Now, as I said in my last post, this does have good things. Even if these guys are just trying to get attention, there will be people who do take their words seriously. Totally. Take me, for example. As a really big Potterhead, I absolutely did take Emma Watson’s speech seriously and yes, I thought she was the awesome new goddess-like figure of feminism, who really wanted to make a difference. So do many other Potterheads. As a kinda-new Sherlockian (both book and show), I was thrilled when I found out Benedict Cumberbatch and Louise Brealey were feminists. Practically all of the Sherlock fandom became feminists when those guys became feminists. More people are now aware that while society has taken great steps to achieving gender equality, work is not yet done.
But wait a minute! I thought at one point. Why is feminism now more on the focus of celebrities? I noticed that feminist ideas, which people have been saying for a long time, are regurgitated by celebrities and then suddenly they’re pioneering in the sense that they start a typhoon of hashtag feminist selfies on social media. #HeForShe #feminist #thisiswhatafeministlookslike #genderequality
When Twitter, Instagram, and Facebook are crammed with feminist selfies, this creates an illusion that what the celebrities are doing is groundbreaking, when it’s usually not. The ideas the celebrities are promoting just has a glittery stamp, which calls tons of attention. In reality, while these celebrities may mean well, the ideas they’re promoting don’t call for real change–most of what they say is: feminism is not a man-hating movement, it just means that people should have equal rights; feminism is for everyone and thus should be made more accessible; you should totally buy these stylish shirts that say “This is what a feminist looks like”.

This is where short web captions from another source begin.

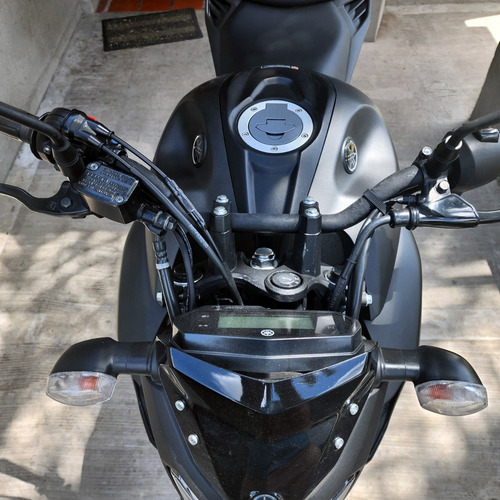 Yamaha Fz25 2021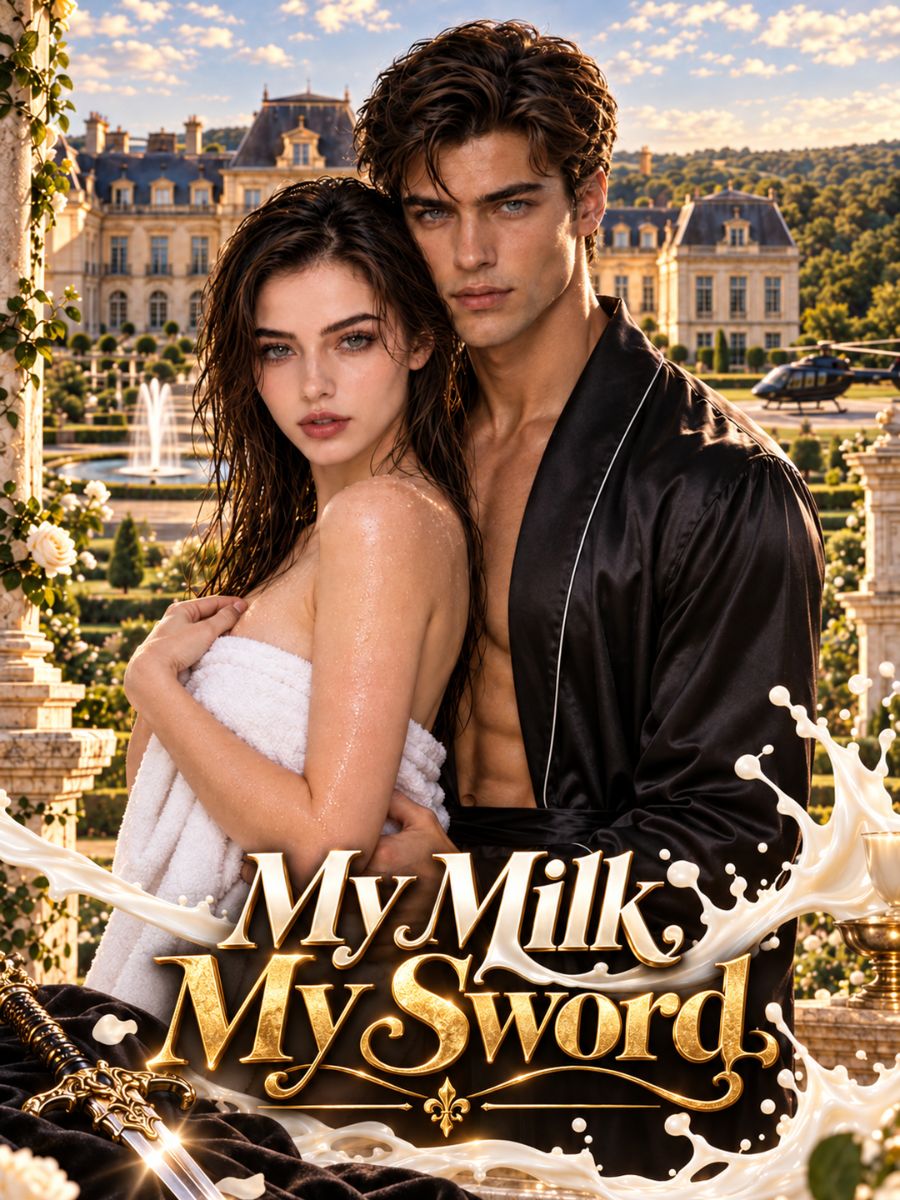 My Milk,My Sword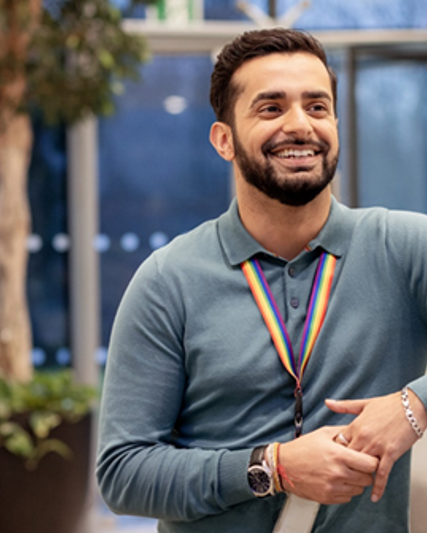 Profesionales con experiencia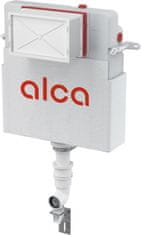 Alca Plast ALCA AM112W Basicmodul - WC nádrž pro zazdívání - Alcadrain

These alone are not going to do much. We need everyone’s help to make positive feminist changes in the world, but we’ve got to transcend empty statements, merchandise, and selfies. Which leads me to another problem with celebrity feminists. Most of them haven’t really gotten around to analyzing feminism and feminist theory. Celebrities also may not have good leadership and political training. These skills are what the feminist movement really needs and should require in a feminist figure–it should not praise feminists just because they’re glamorous celebrities who believe in gender equality. Even if these celebrity feminists do mean well, they are inadvertently taking the spotlight from these feminist activists who know their arguments well and have worked so dang hard to get their comprehensive research and issues up there–only to be ignored by the masses in favor of the people who belong to the glitzy (often white) bourgeoisie. And when teenagers start looking up to these celebrity feminists, there is a tendency to hail the celebrities as the definite, leading authority on feminism. So what happens is, we have a bunch of young people who proudly label themselves as feminists but have a very narrow version of feminism because they’ve gotten it from the celebrities only, and the young people therefore do not know their arguments on gender equality very well.
Like HeForShe, celebrities are a good start to feminism, but they aren’t where we should end. Feminism that is endorsed by celebrities is now more of a stylish, trendy fad that largely ignores the power relations between the sexes, ethnic races, and classes; it does not usually call for real change. Working for real change is something hard and messy to do, which won’t be achieved by selfies and hashtags. Power to the activists.